Employers oppose arbitration on the grounds that it could require them to pay excessive compensation to workers, eventually forcing firms out of business. The contrast between the financial position of the unionized Big Three Detroit auto companies and the non-unionized transplants in the south shows how unionization affects the bottom line.

Binding arbitration could have even more pernicious consequences than ending the secret ballot. It would allow an undefined arbitration board, appointed by the Federal Mediation and Conciliation Service, itself headed by a political appointee, to set compensation packages for firms and workers that they would be forced to accept.

Unlike voluntary arbitration, the parties would not have an opportunity to choose members of the panel, nor would they have recourse to a higher authority, such as the courts, if they were dissatisfied with the results. Workers could be required to accept lower salaries and less vacation than they could get elsewhere, and firms could be forced into unproductive agreements that could eventually lead to bankruptcy.

With just a few lines of legislative language, Congress would revoke for newly-organized firms the principle of free collective bargaining—that employers and unions may walk away from a contract they find unsatisfactory.

The bill does not specify who would pick the panel or how many members it would have, because the Mediation Service would write the regulations. The panel would not have to be industry or regional experts, familiar with the firms in a particular part of the country. The bill is unclear on how the arbitration panel would gain information it needs to decide worker compensation—not only wages, but also vacation, sick leave, promotion opportunities, discipline, and pensions.

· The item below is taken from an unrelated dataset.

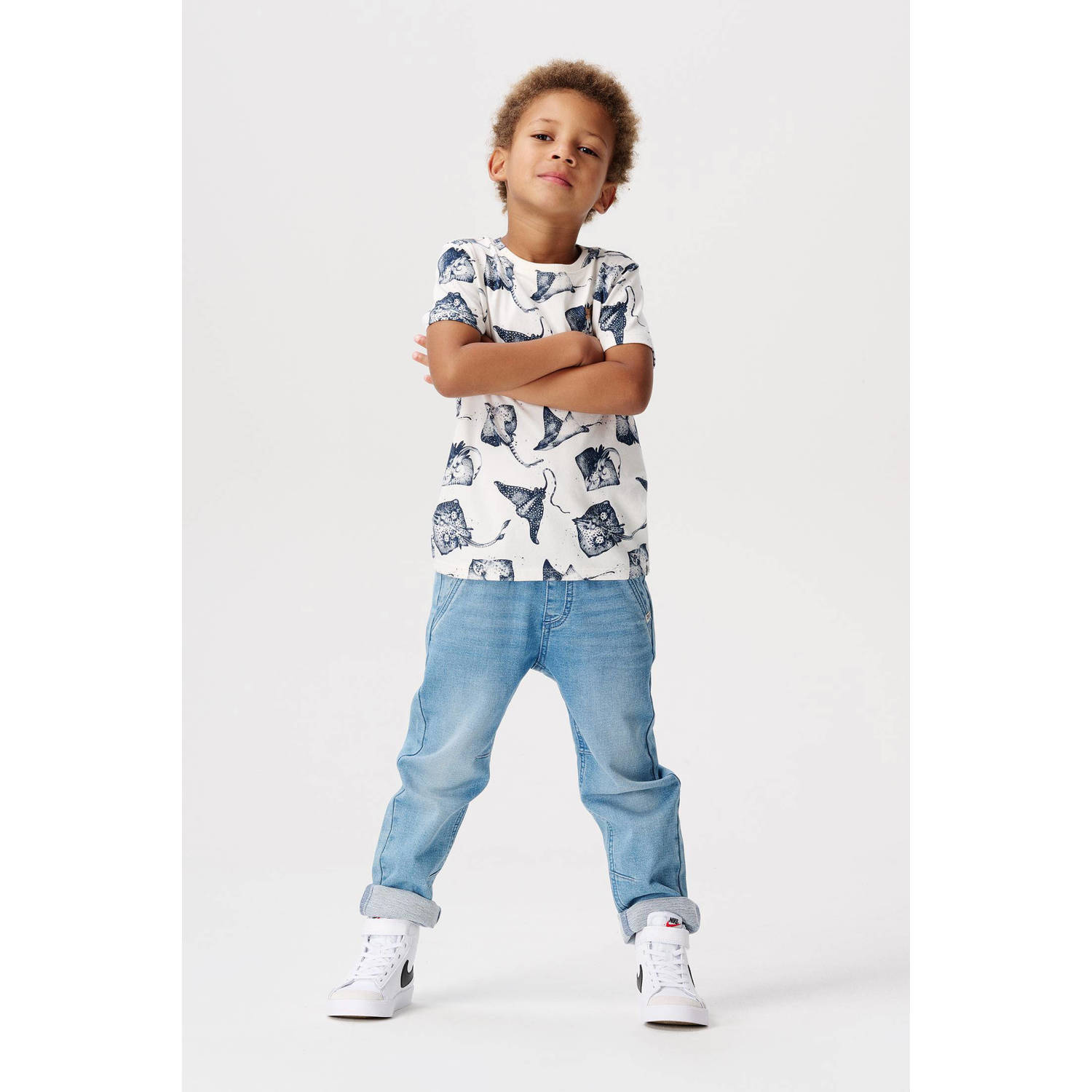 Noppies T-shirt met all over print wit blauw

The arbitration panel would not have to take into account compensation policies of rival firms, surely a relevant factor. A newly-organized firm could find that its costs were set higher than its competitors, leading to loss of market share and the need to downsize. Except, of course, that downsizing would undoubtedly be strictly regulated under the terms of the contract.

The banking and auto crises have shown us that it’s hard to keep political expediency or favoritism out of economic decision-making. Former Treasury Secretary Henry Paulson and Federal Reserve Chairman Ben Bernanke reportedly pressured Bank of America CEO Ken Lewis not to reveal crucial financial details about Merill Lynch to shareholders. And President Obama attacked hedge funds for wanting to keep shares of Chrysler assets that are legally theirs, while giving the United Auto Workers 55 percent of the company.

Because neither employers nor workers should be forced to participate in contracts against their will, there’s nothing more dangerous than allowing the government to impose binding arbitration on workers and companies. Senators of both parties have wisely rejected card check, and they should also reject binding arbitration.